In the Garden:
Pink hydrangea-like blooms are featured on 'Seminole' all winter long.
Florida comes into its own during the winter months with lots of color if the right plants are used. Many of these plants will hold their color through the entire winter season. I like flowering trees and shrubs best as they do not need replacing like annuals.
Hong Kong orchid tree has claret red blooms that start in October and last through April. Flowers can be 5 to 6 inches across and are fragrant. They attract hummingbirds and butterflies. The tree is sterile so it does not produce messy seedpods. Apply palm fertilizer in March, June, and October to keep good foliage color and vigor.
Yesterday, today and tomorrow (Brunfelsia latifolia) is another winter performer with a multicolored flower show from October to April. Blooms open purple the first day, are light purple the second day, and white the third day. The plant is loaded with flowers the entire winter season and makes a great show. This plant likes sun to light shade and enjoys a moist site. It can grow 8 to 9 feet in height, so it's great as a background or specimen plant.

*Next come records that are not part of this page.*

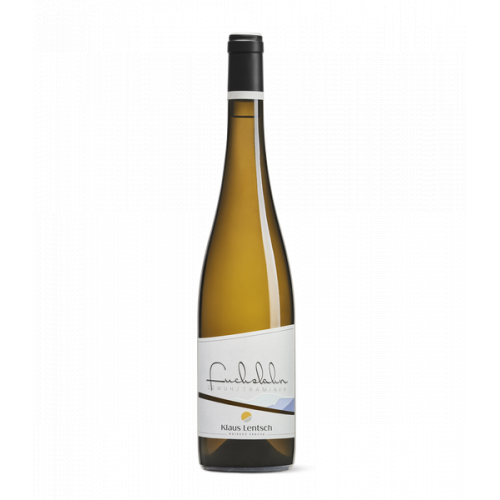 Fuchslahn Sudtirol Gewurztraminer DOC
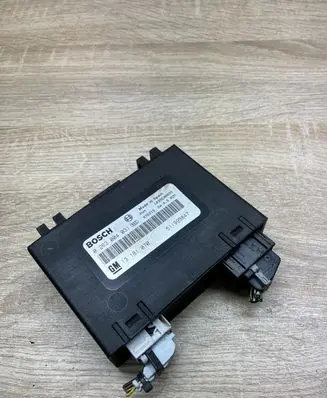 Opel Signum Parking PDC control unit/module 13181070 0263004031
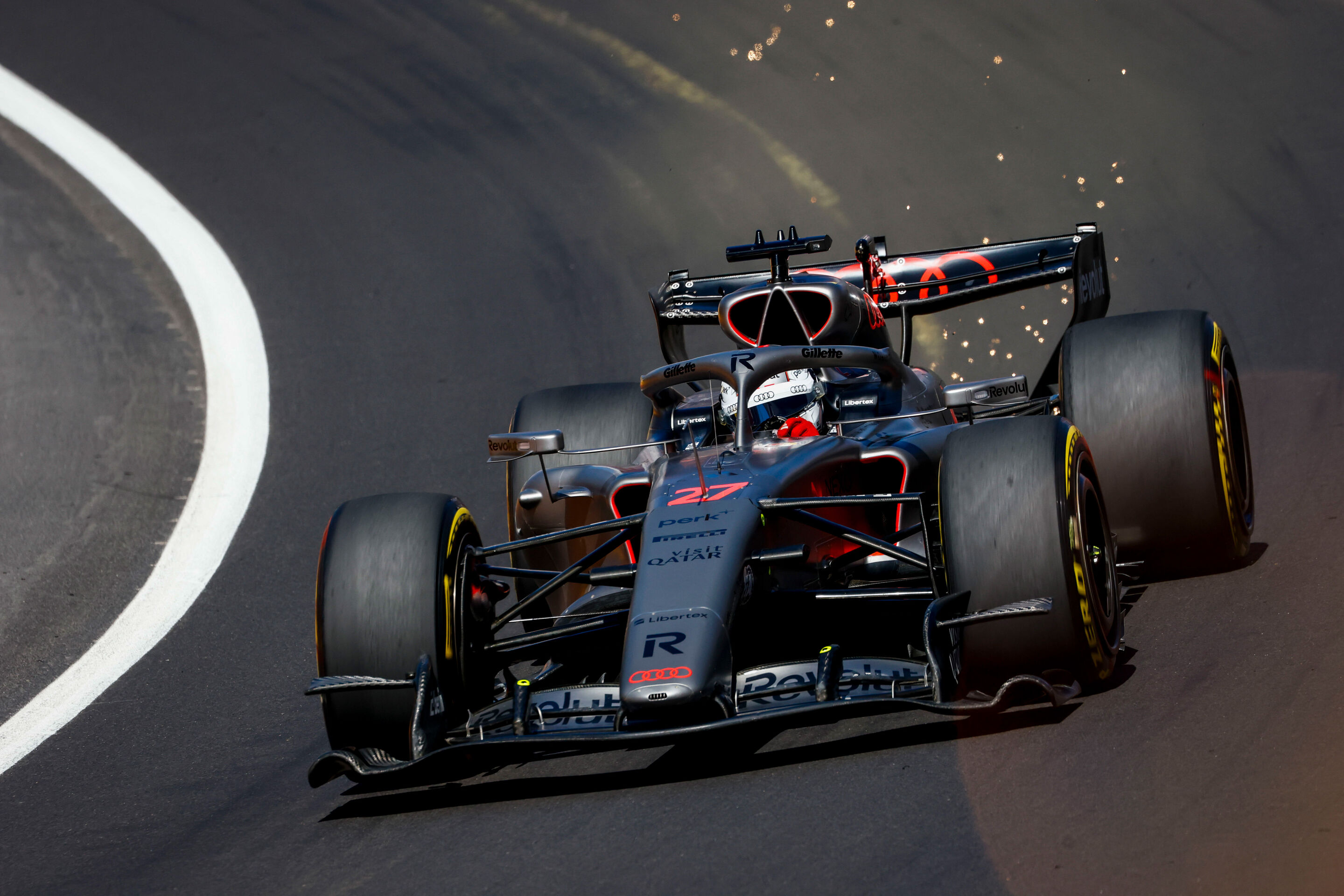 2026 Spanish Grand Prix - Friday - 2026 Spanish Grand Prix - Friday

The Florida hydrangea, Dombeya 'Seminole', has pink hydrangea-like clusters of blooms over the winter. It is a great companion to yesterday, today, and tomorrow and likes similiar growing conditions. My plant has grown to 10 feet in height and is leggy in deep shade. It would be much more compact with sun to light shade.
The desert cassia blooms year-round, but it's extra prolific during the winter months. This vase-like small tree only grows to 10 feet in height and blooms all year. The dainty foliage is covered with yellow flowers so dense that the leaves cannot be seen. This is a full sun lover that likes dry conditions. It flowers very heavily during the winter months and attracts yellow sulphur butterflies.
One of the things you learn quickly in Florida is how fast the trees grow. Plants in full sun 20 years ago now struggle in deep shade. My Dombeya and yesterday, today, and tomorrow are facing this crisis. One must look at this as a gardening opportunity when the sun lovers slowly fade out.